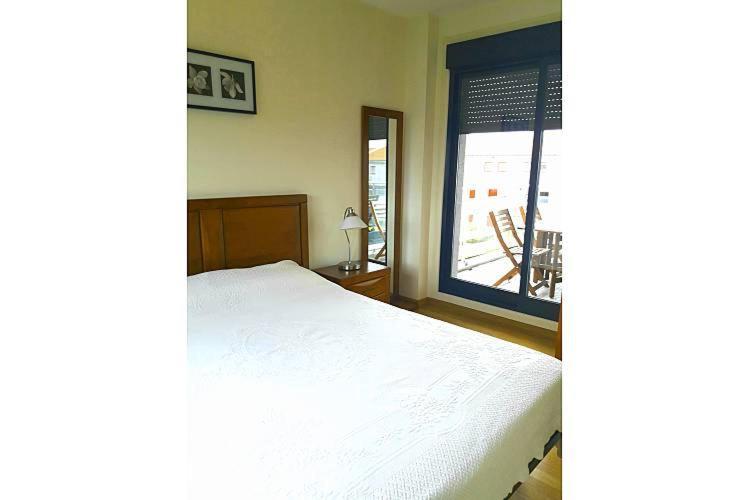 Apartamento Mar De Silgar Sanxenxo Exterior foto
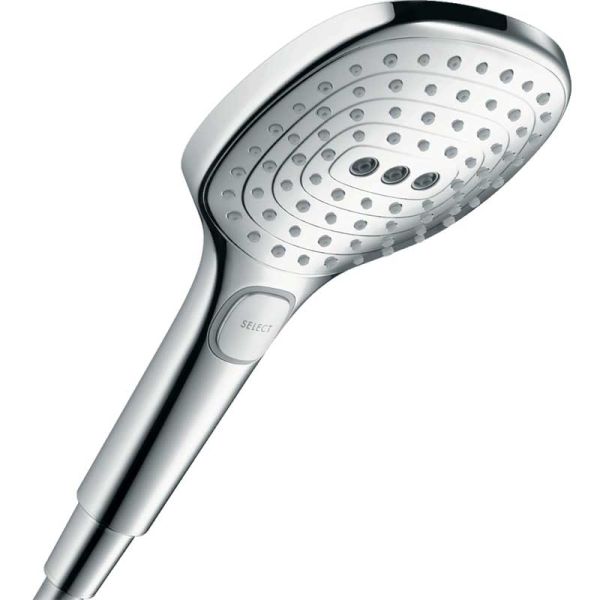 Ручной душ Hansgrohe Raindance Select 120 Air 3jet (хром) 26520000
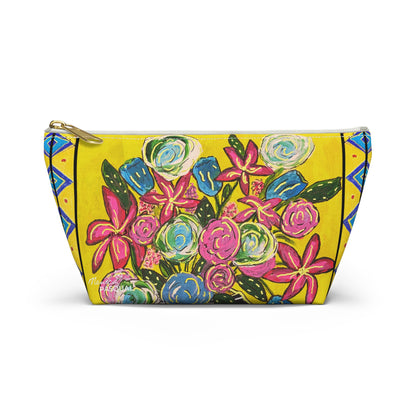 Perfect Pouch - Festive Flowers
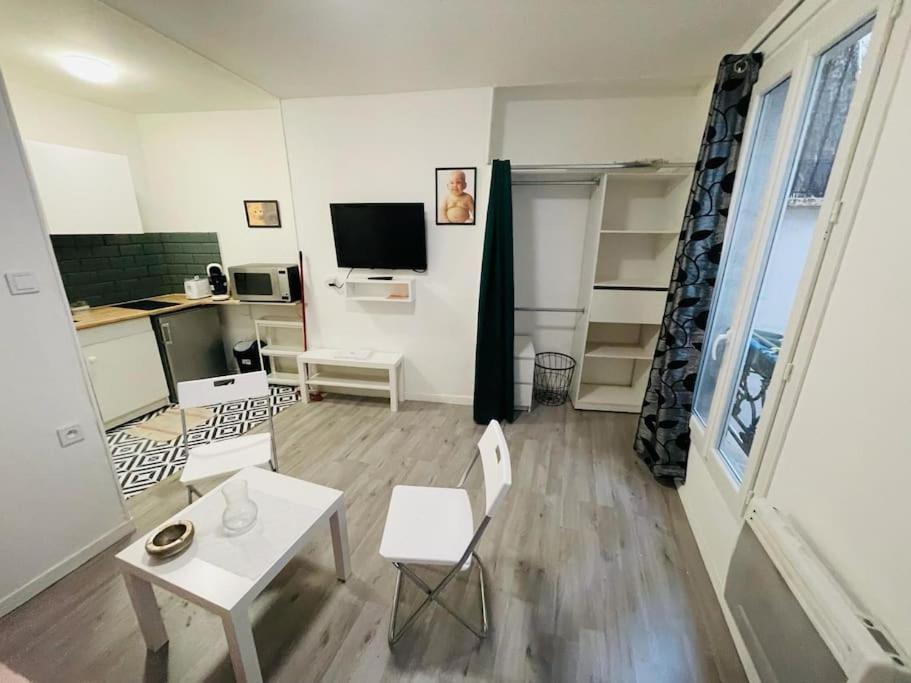 Appartamento Confortable - Montmartre - Republique - Anvers - 2 Pers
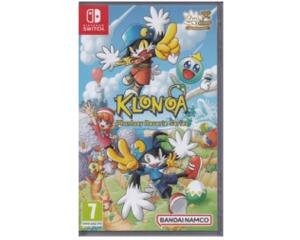 Klonoa : Phantasy Reverie Series (Switch)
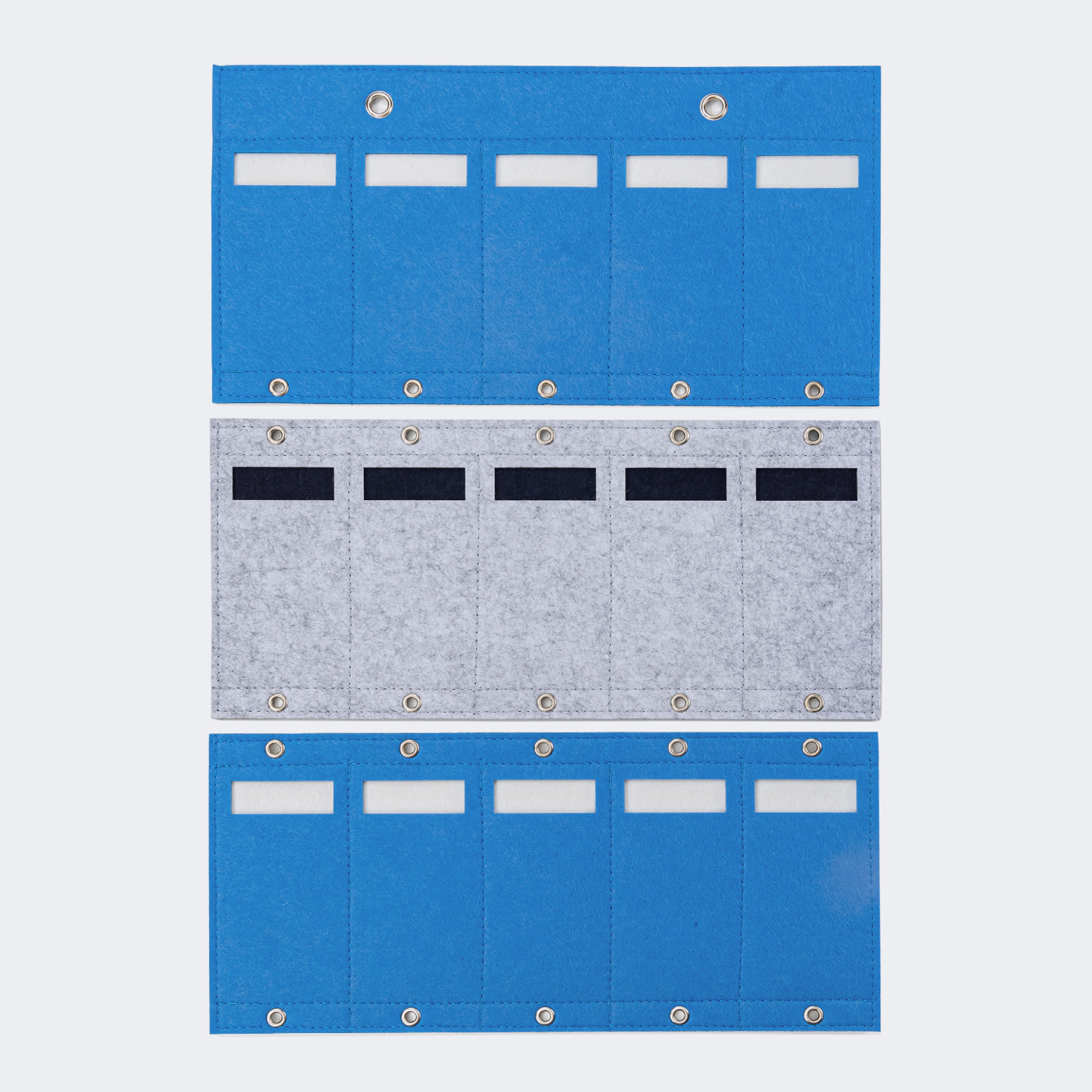 Practical Blue Glasses Hanging Bags | ZEELOOL UK2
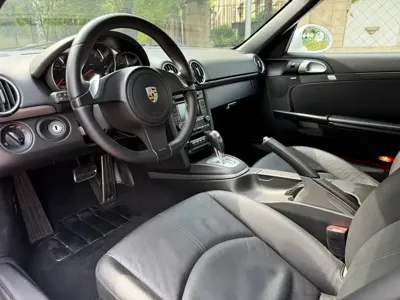 Porsche Boxster 2011, 130000 км, за 108800 CNY - фото 9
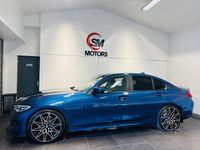Usado BMW 320e M Performance 190 CV (139 kW) 2020 Azul Berlina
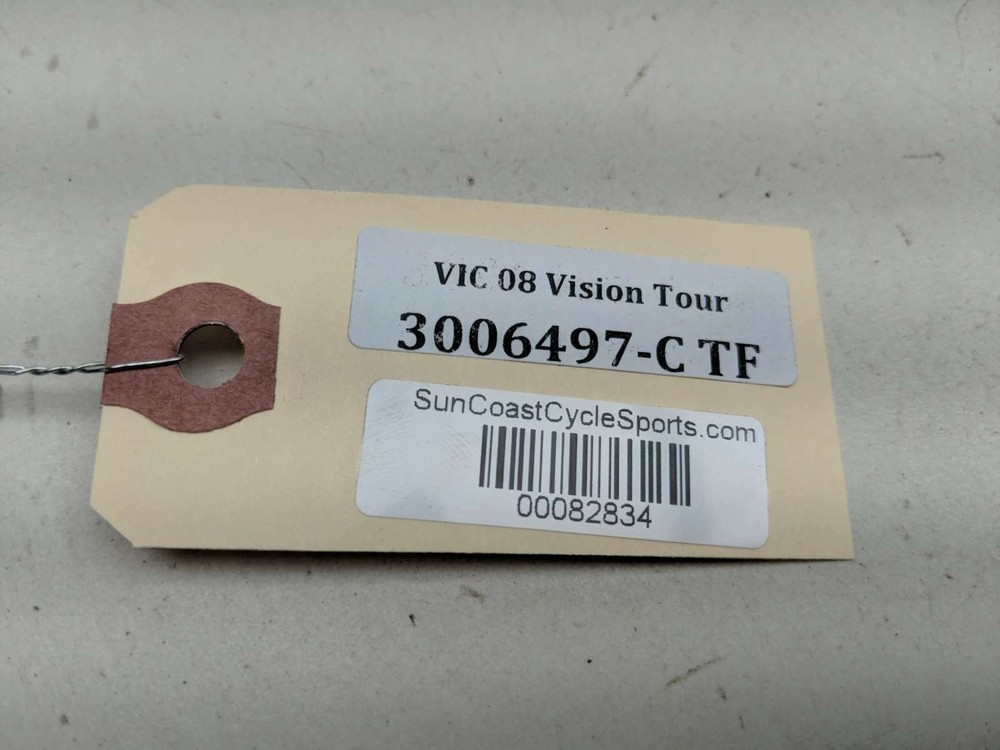 08 Victory Vision Drive Actuator Motor Windshield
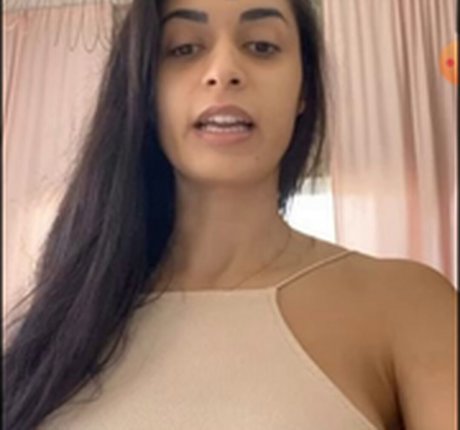 Shirin Azami Nacktbilder von OnlyFans geleakt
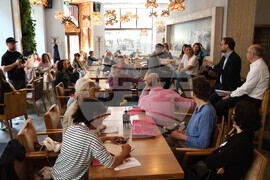 Румъния - Доминик Фриц, кмет на Тимишоара - пресконференция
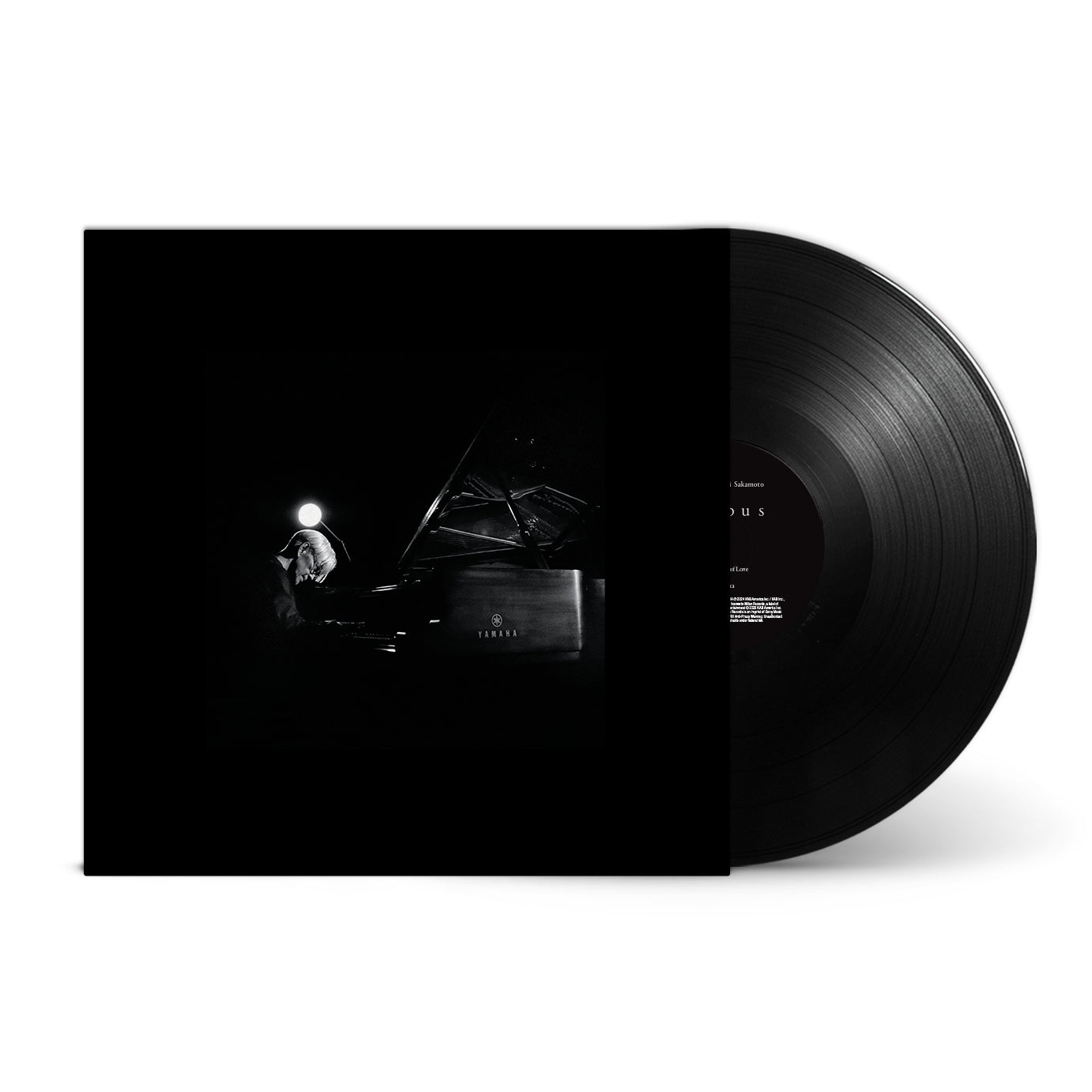 Opus Vinyl Record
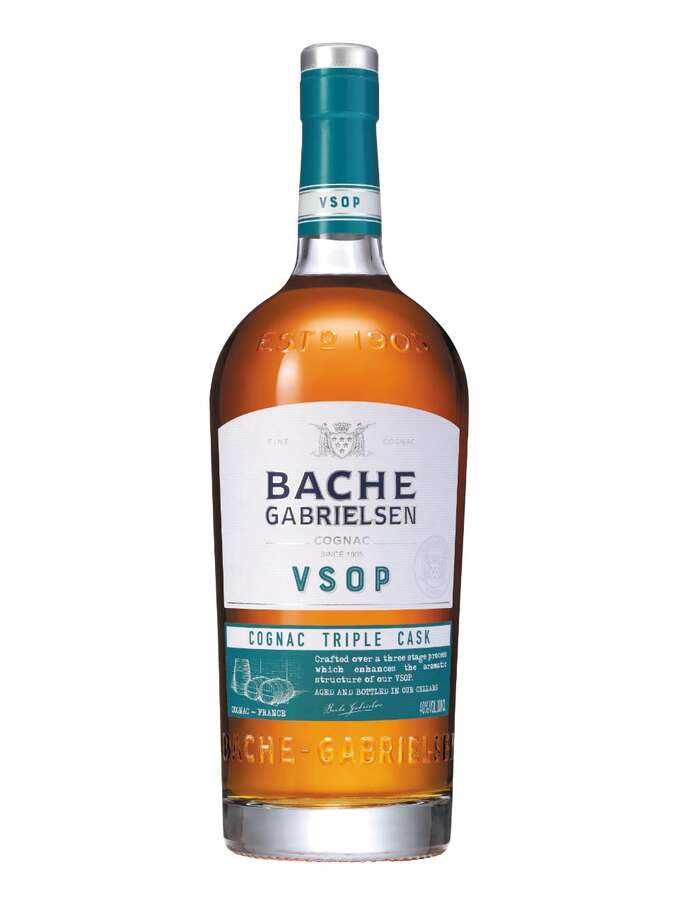 Bache-Gabrielsen VSOP  0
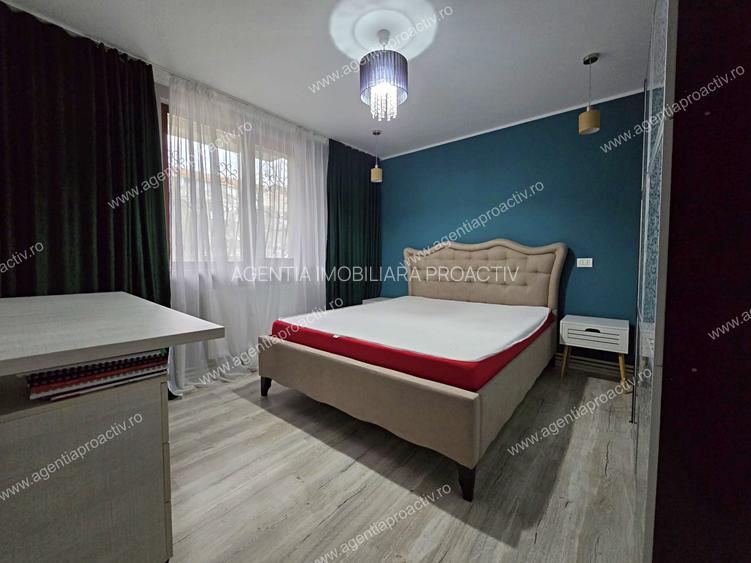Apartament cu 2 camere, cartier Mazepa 1, amenajat modern! - 4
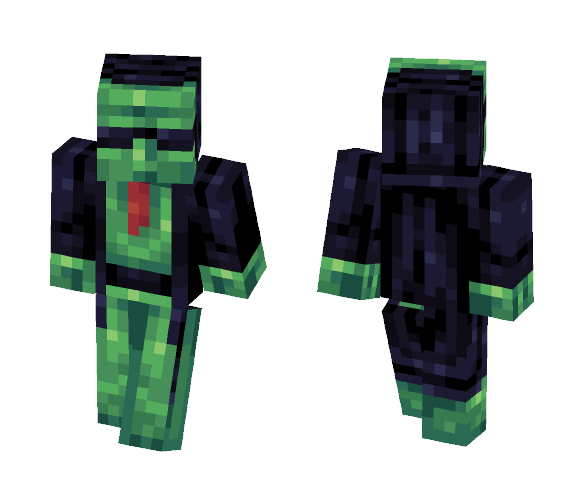 Dat Man | Contest skin - Male Minecraft Skins - image 1
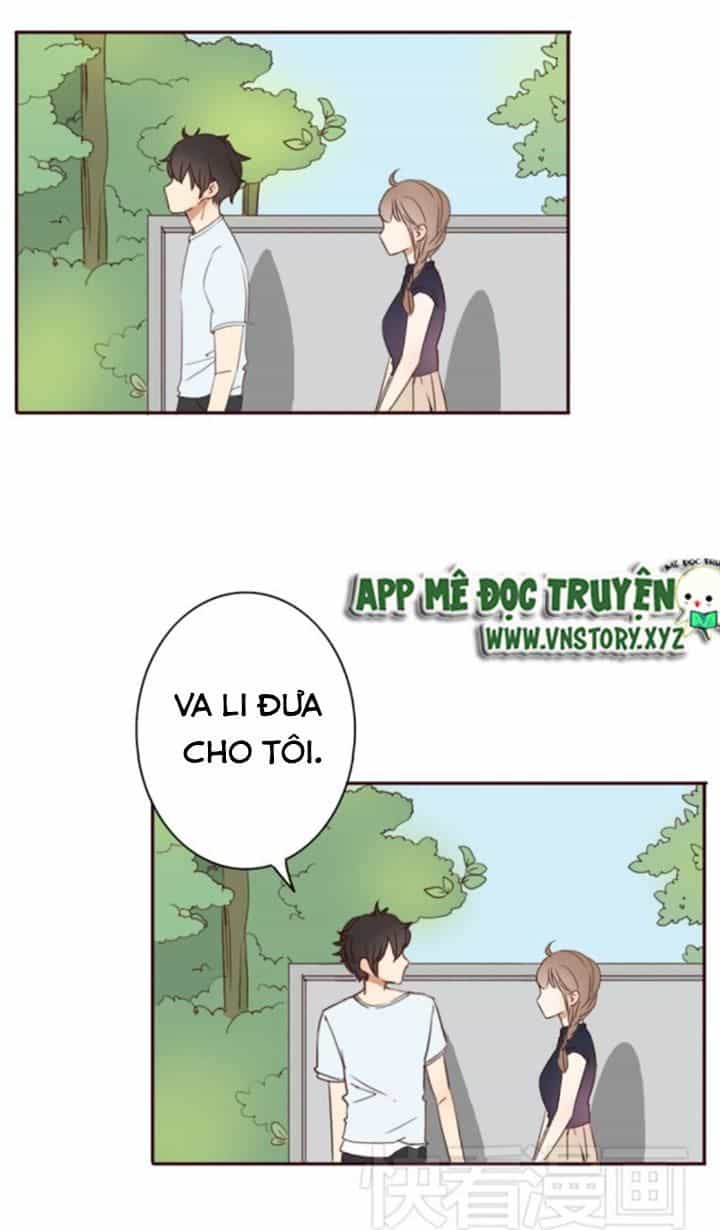 Tình Yêu Không Nói Dối - Chương 25 - ảnh 7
+--
In the listing above, transcribe exactly the lines from the line containing "Usado BMW 320e" through the last one, both included, but not the pictures.

Usado BMW 320e M Performance 190 CV (139 kW) 2020 Azul Berlina
 08 Victory Vision Drive Actuator Motor Windshield
 Shirin Azami Nacktbilder von OnlyFans geleakt
 Румъния - Доминик Фриц, кмет на Тимишоара - пресконференция
 Opus Vinyl Record
 Bache-Gabrielsen VSOP  0
Apartament cu 2 camere, cartier Mazepa 1, amenajat modern! - 4
 Dat Man | Contest skin - Male Minecraft Skins - image 1
 Tình Yêu Không Nói Dối - Chương 25 - ảnh 7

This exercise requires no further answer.